Segment Start: Supplied information

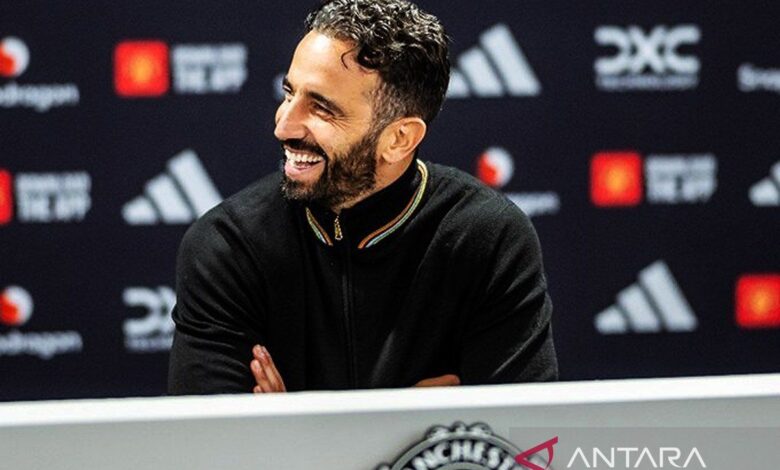 Amorim: Renovasi Carrington jadi awal Baru Manchester United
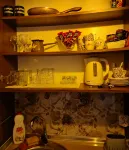 Cozy 1 bedroom apartment, AC, private parking, kitchenette, bathroom, etc - 3-نجوم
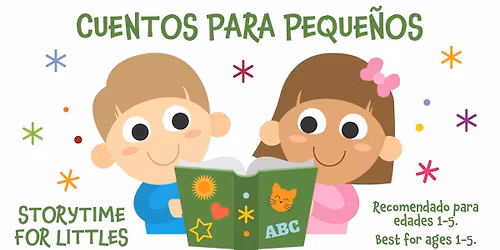 Cuentos para peque\u00f1os (En Espa\u00f1ol)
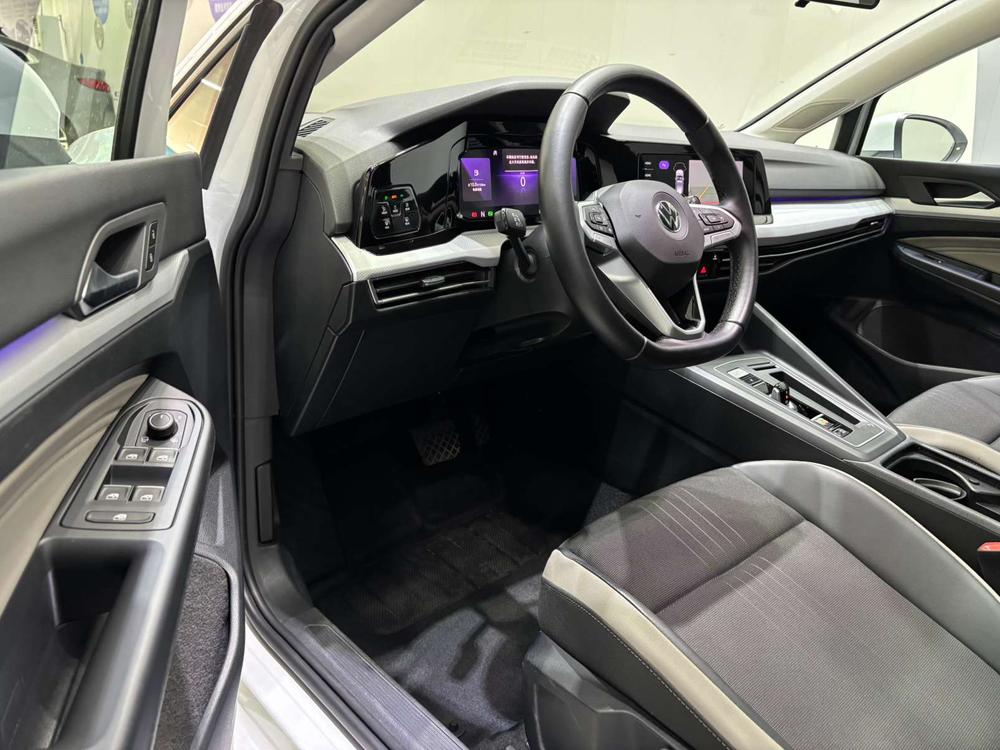 Volkswagen Golf 2021 #16 Volkswagen Golf 2021 car image #16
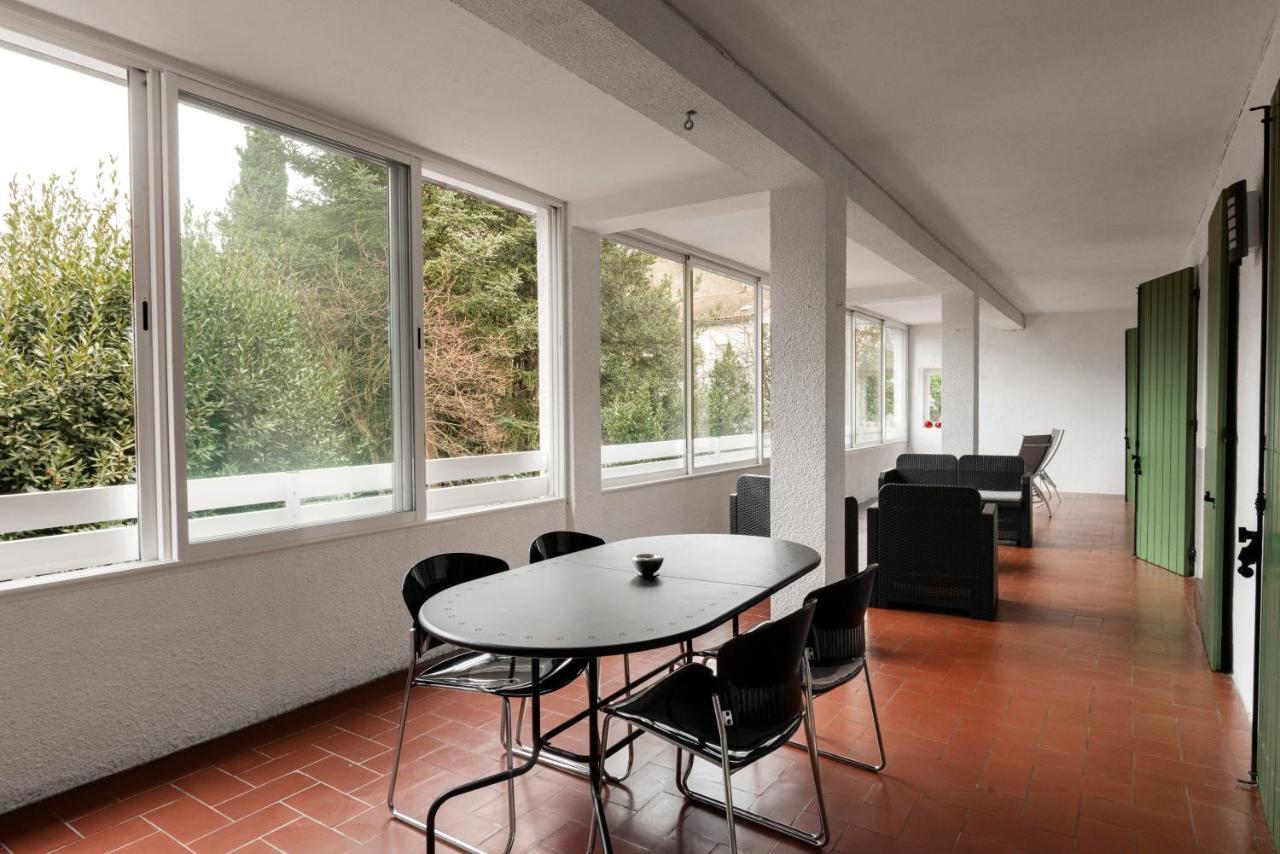Appartement Aloa Carcassonne Bagian luar foto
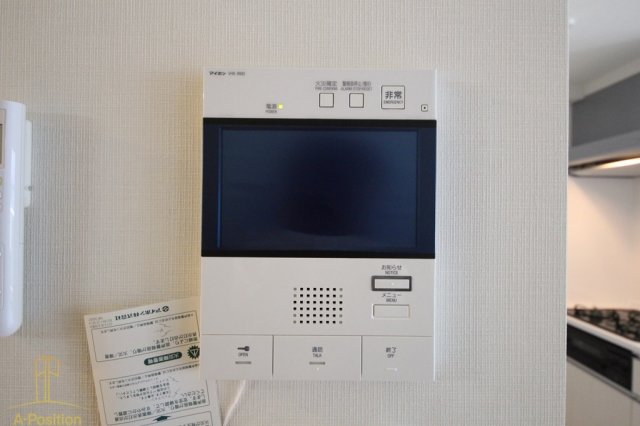 セキュリティ　ATKレジデンスなにわ橋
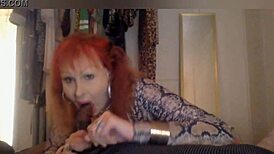 Tranny, you're losing it over that massive BBC!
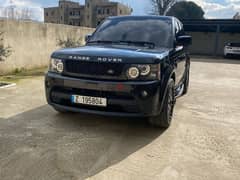 Range Rover SuperCharged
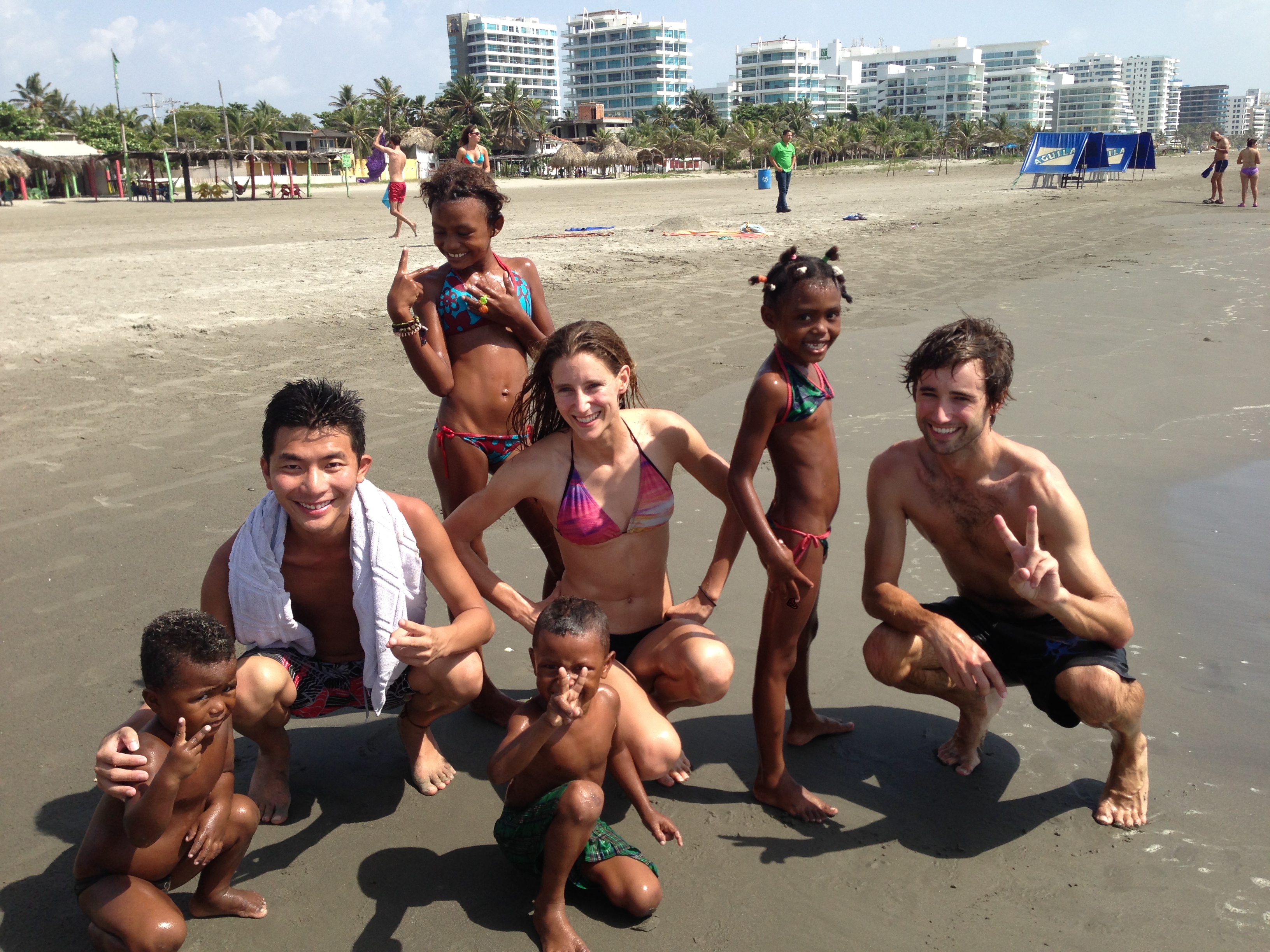 playing with kids 1
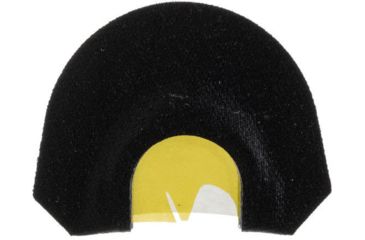 Image of Bone Collector Ridge Strutter Turkey Mouth/Diaphragm Call, Black, BC140007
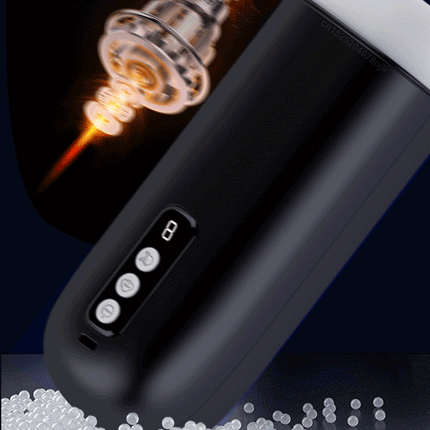 Automatic Masturbator for Men Penis Blowjob Sucking Vibrator Machine Vagina Pocket Pussy Male Masturbation Cup Sex Toy for Adult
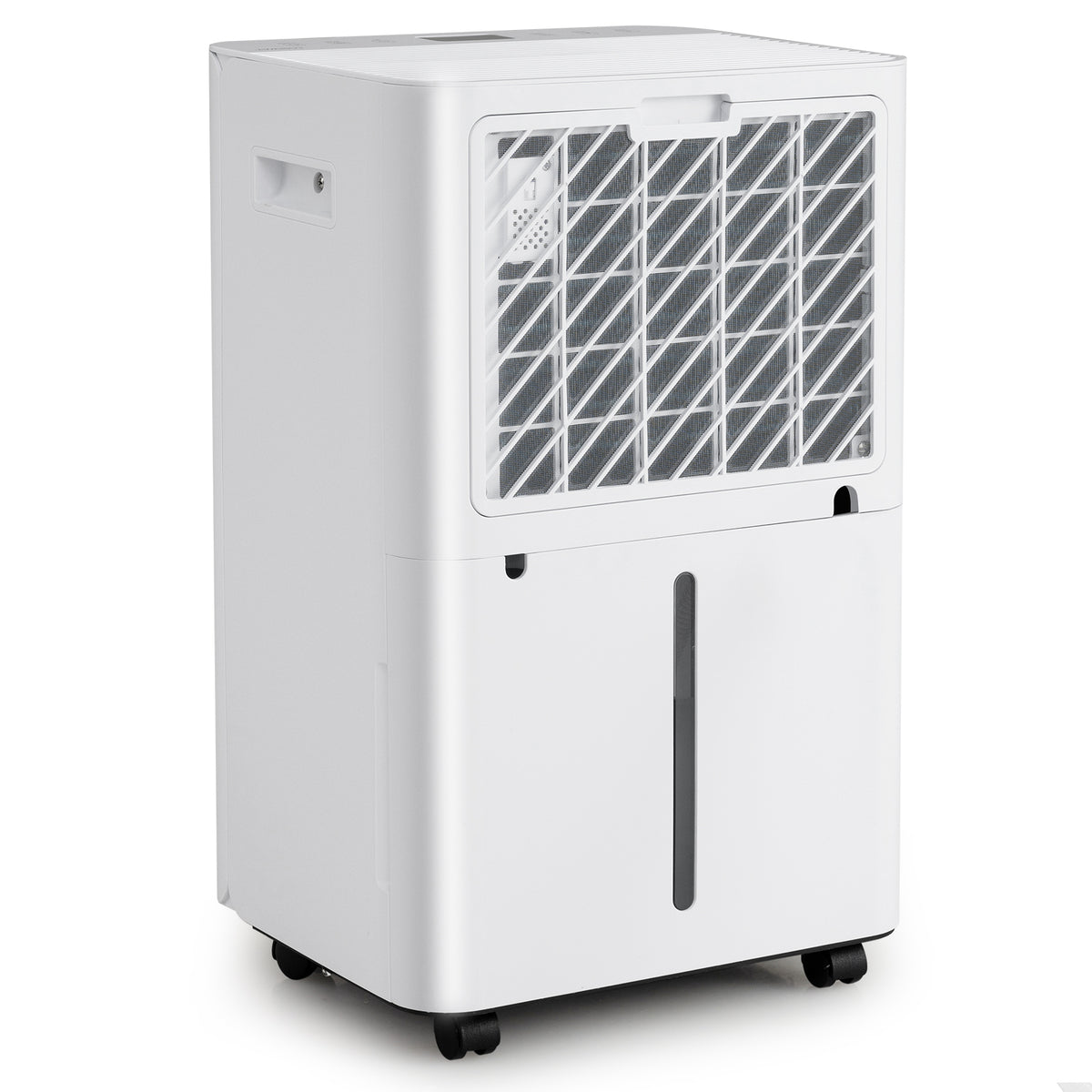 Déshumidificateur 25 L pour grande pièce 418 m²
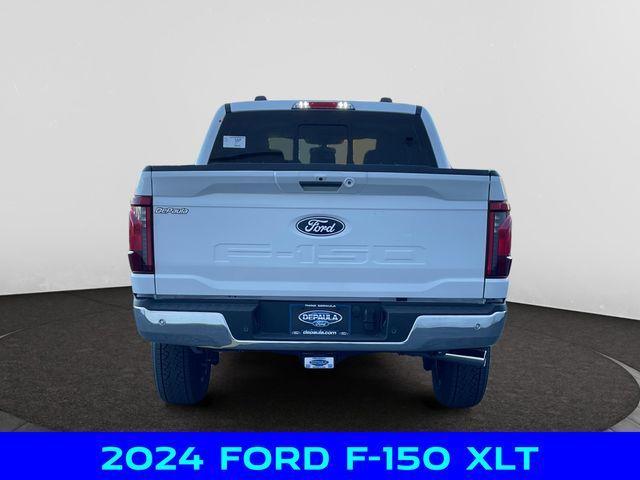 new 2024 Ford F-150 car, priced at $60,250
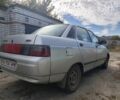 Сірий ВАЗ 2110, об'ємом двигуна 1.6 л та пробігом 202 тис. км за 1597 $, фото 4 на Automoto.ua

Segment End: Supplied information

Work to be completed: What is needed is an exact transcription of the lines from the one holding "Tranny, you're losing" to the end of the data, with every picture left out.

Solution to the exercise:
 Tranny, you're losing it over that massive BBC!
 Range Rover SuperCharged
 playing with kids 1
 Image of Bone Collector Ridge Strutter Turkey Mouth/Diaphragm Call, Black, BC140007
 Automatic Masturbator for Men Penis Blowjob Sucking Vibrator Machine Vagina Pocket Pussy Male Masturbation Cup Sex Toy for Adult
 Déshumidificateur 25 L pour grande pièce 418 m²
 new 2024 Ford F-150 car, priced at $60,250
 Сірий ВАЗ 2110, об'ємом двигуна 1.6 л та пробігом 202 тис. км за 1597 $, фото 4 на Automoto.ua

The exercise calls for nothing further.